Co­raz bar­dziej ner­wowo pró­buje od­pa­lić sil­niki. Bez skutku. Kie­ruje skrzy­dło pro­sto­pa­dle do gruntu, by spo­wol­nić upa­dek. My­śli o spa­do­chro­nie, który przy­pad­kiem uszko­dził przed ro­kiem i do tej pory nie na­pra­wił. Roz­waża wszyst­kie opcje. Na­gle do­znaje nie­mal eks­ta­tycz­nego uczu­cia ulgi. Nie musi wal­czyć. Nie unik­nie śmierci. Już ni­gdy nie zo­ba­czy Toko, Enu i ich miesz­kań­ców. Na­wet nie za­uważą, jak znik­nie. Nie znają go. On nie zna ich. Tylko Herb... ale co z tego? Otrzą­śnie się. Więk­szość lu­dzi po­trafi się po­zbie­rać po czy­jejś śmierci.

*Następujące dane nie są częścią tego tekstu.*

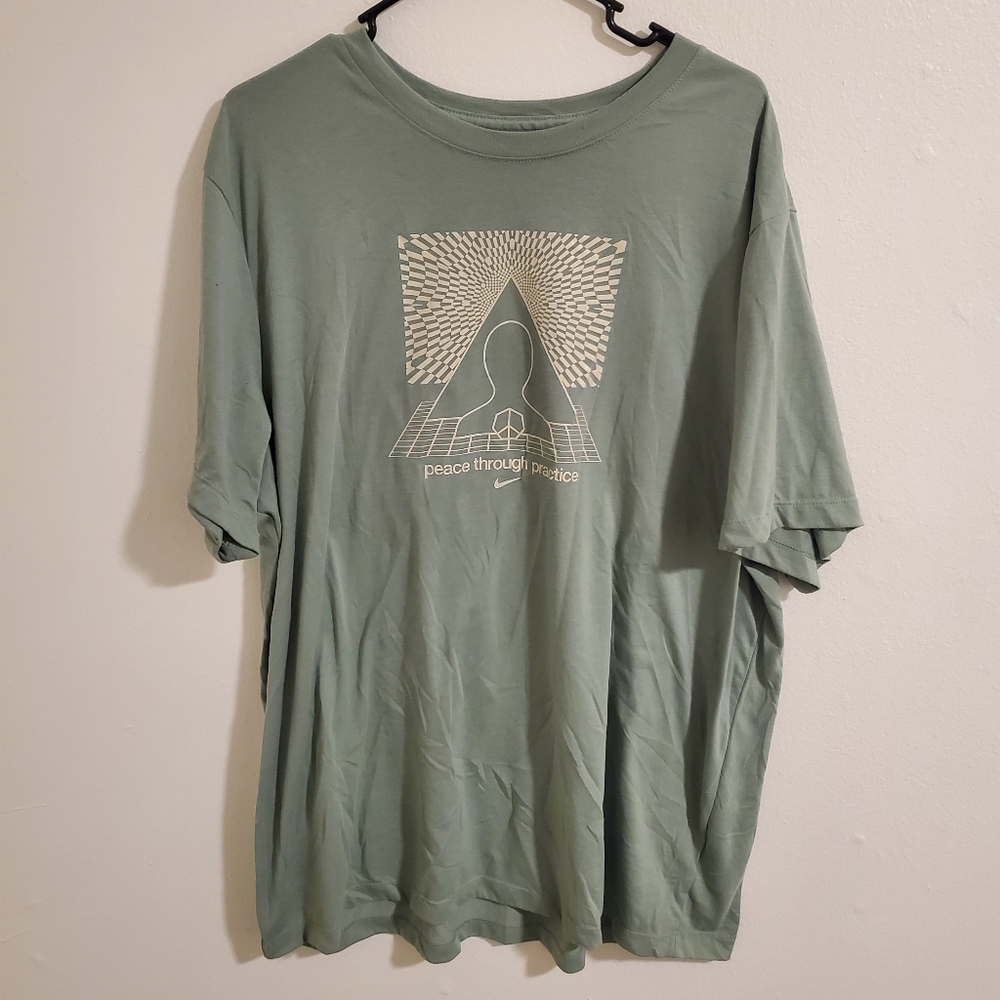 Nike Peace through Practice Tee Shirt Men's XXL The Nike Tee Dri-Fit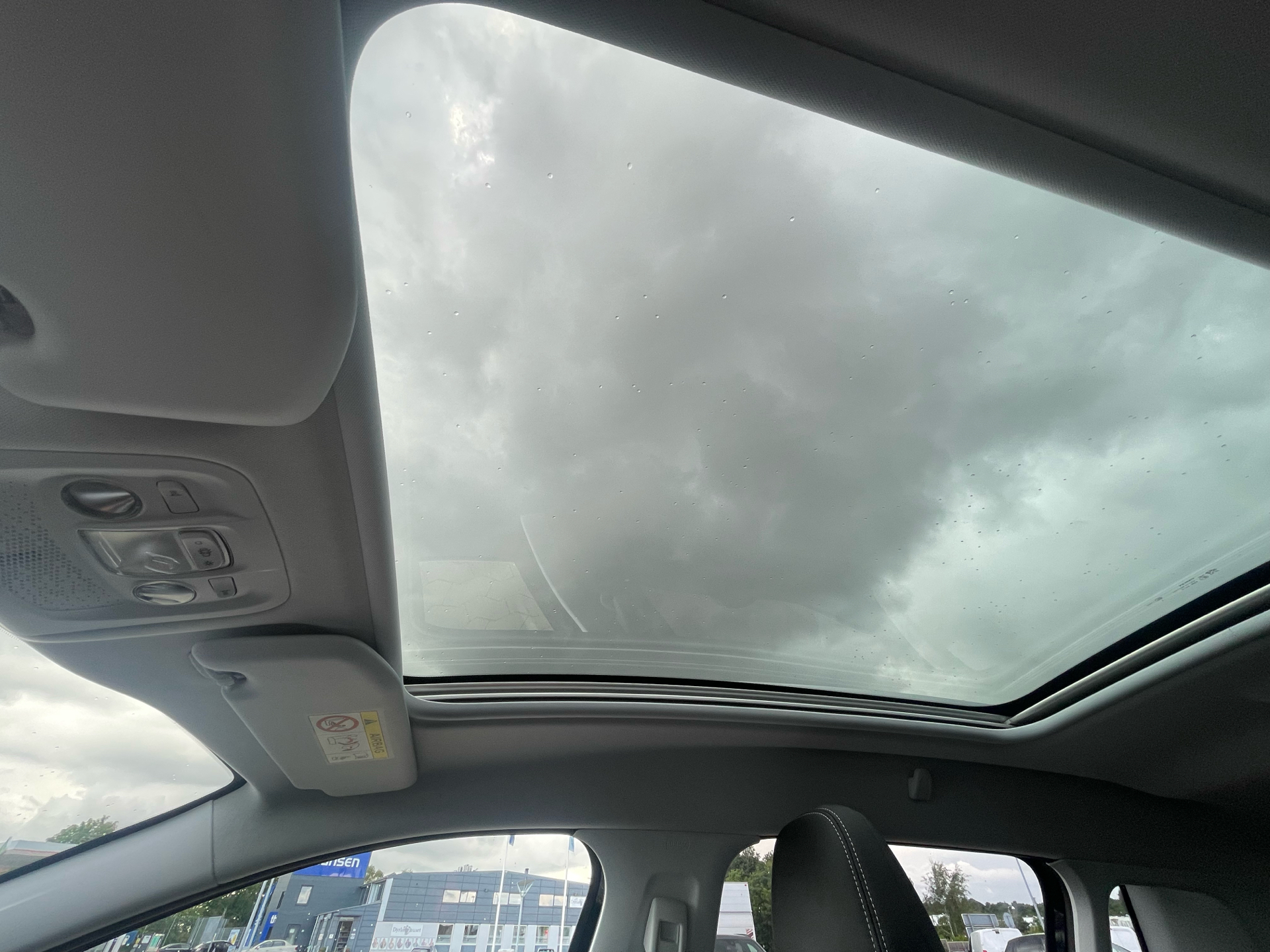 Billede af Peugeot 2008 1,2 e-THP Selection Sky 110HK 5d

Na­raz ude­rza go błysk świa­do­mo­ści, ukryty ślad in­stynktu prze­trwa­nia. Pod­rywa się. Wy­gląda przez szybę. Zdąży. Do­ska­kuje do ma­ga­zynu, roz­luź­nia ucisk li­nek wią­żą­cych wełnę. Wy­grze­buje część ze środka i spraw­dza, czy cały zmie­ści się w po­wsta­łym otwo­rze. Wraca za kok­pit. Wi­dzi już wy­raź­nie ma­ga­zyny na dole. Skręca gwał­tow­nie ste­rem. Sta­tek ob­raca się o 180 stopni. Czołga się po su­fi­cie do luku. Ma­szyna drży w przed­śmiert­nych kon­wul­sjach.

Wsuwa się w weł­niany ko­kon, który te­raz zwisa do góry no­gami. Pra­wie nie może od­dy­chać, ale czuje roz­kosz świa­do­mo­ści ży­cia.

Po­tem na­stę­pują huk, wstrząs i za­pada ciem­ność.